No. 56. And sometimes the best of us get more than we have bargained for, while trying to enlighten these will-o'-the-wisps. A preacher, who was talking to the boys in a pleasant, familiar way at the New-Hampshire State Reform-School, about good people being respected while the naughty were despised and shunned, ventured on an illustration suited to their capacities. "Now, boys, when I walk through the streets, and I speak to some people, and not to others, what is the reason?" "'Cause some are rich and some are poor," yelped a little fellow in the corner; who, it may be, never heard of the Apostle James, nor of what he says in Chapter II. about the rich man coming into your assembly with a gold ring, in goodly apparel, and also a poor man in vile raiment, and you say to the first, "Sit thou here in a good place; and to the poor, Stand thou there, or sit under my footstool;" yet was he learned in the Scripture nevertheless, and that without knowing it,—God Almighty being his teacher.

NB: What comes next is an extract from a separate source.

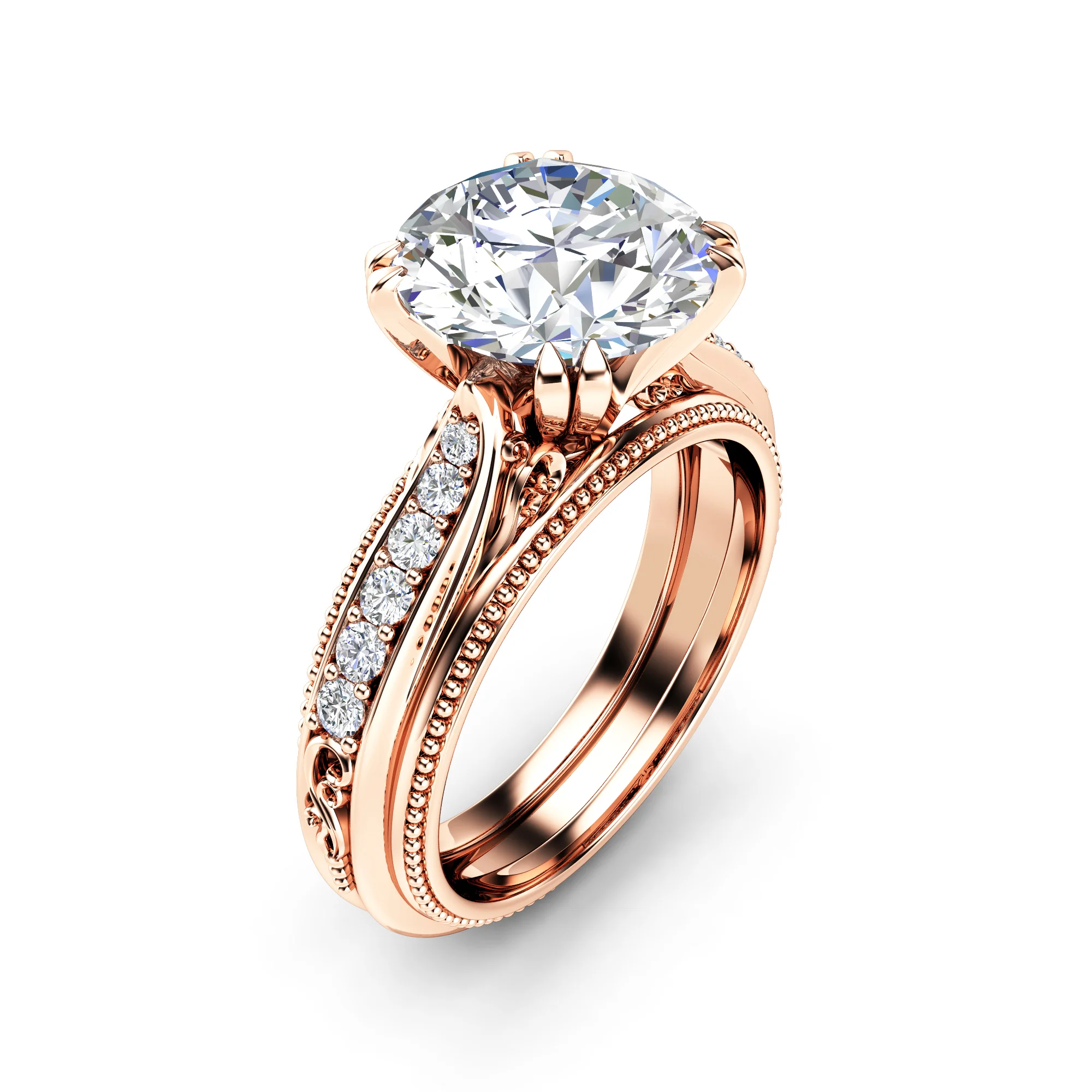 Close three-quarter view of a rose gold diamond ring, with engraved scrolls beneath the pave band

No. 57. Can this be true? If yea, that child must have died young. It is from the Lawrence Eagle. "In a gentleman's family in this city," says the editor, "there is a little boy somewhat remarkable for smartness, and for his understanding of 'pure English undefiled.' He is only four. Not many days since, he was at the table 'cutting up' in the usual way, when his mother reproved him. Upon this he began buttering a huge slice of bread at such a furious rate, that his mother found it necessary to interfere again: 'Why Johnny,' said she, 'how you do behave! You mustn't eat so much butter; it will be the death of you.' The little chap looked up with a roguish smile, and said, 'Well, mother, I mean to go well buttered, you see, if I am not so well bread.'" This the editor was kind enough to explain, by enclosing "bred" in a parenthesis, after the style of newspaper purveyors, who seem to take it for granted that most of their capital jokes are unintelligible to the common reader.
No. 58. Little Daisy's mother was trying to make her understand the meaning of smile. "Oh yes, I know," said the little one, her face all lighting up as she spoke, "it is the whisper of a laugh." Quite equal to the "frozen music" of architecture, or the "poetry of motion." Sed quære, as the lawyers say, Was such a thing ever said by a little child? I know not.

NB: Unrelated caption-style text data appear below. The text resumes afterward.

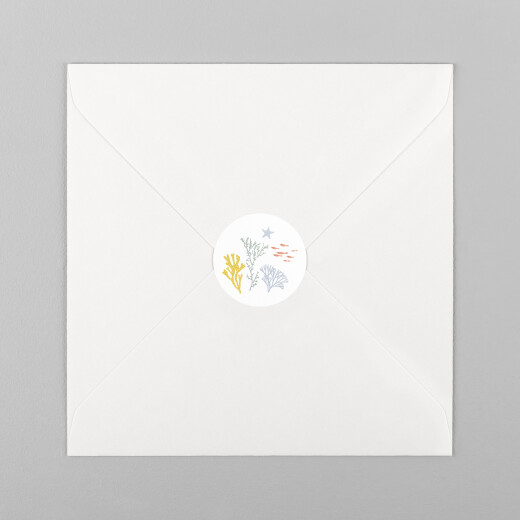 Stickers pour enveloppes naissance Jolis coraux jaune - Vue 2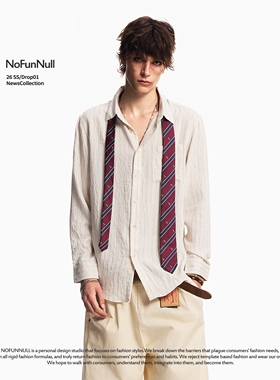 NOFUNNULL 老钱风亚麻条纹衬衫男春夏美式cleanfit高级感高智衬衣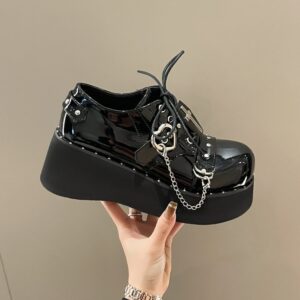 #MoteruStyle! Punk Platform Shoes Dark Lolita Platform Leather Shoes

No. 59. But here is something we can believe. A buxom Ohio school-girl was going through her calisthenic performances for the amusement of her little brothers and sisters. A youthful visitor, full of compassion for the poor thing, asked her brother if that gal had fits? "No," replied the indignant brother, "them's gymnastics." "Oh, I see; how long has she had 'em?" which reminds me that I was once asked by a laborer, who saw half a hundred stout fellows exercising in the open air, bare-headed, with their jackets off, in Vœlker's London Gymnasium at St. John's Wood, "How much we got a day?"
No. 60. But the inquisitiveness of these folks, who are to govern the world hereafter, is not confined to every-day investigations; and well for us that they are not: and well must it be for the nations—for what our children are now, that will our country be hereafter.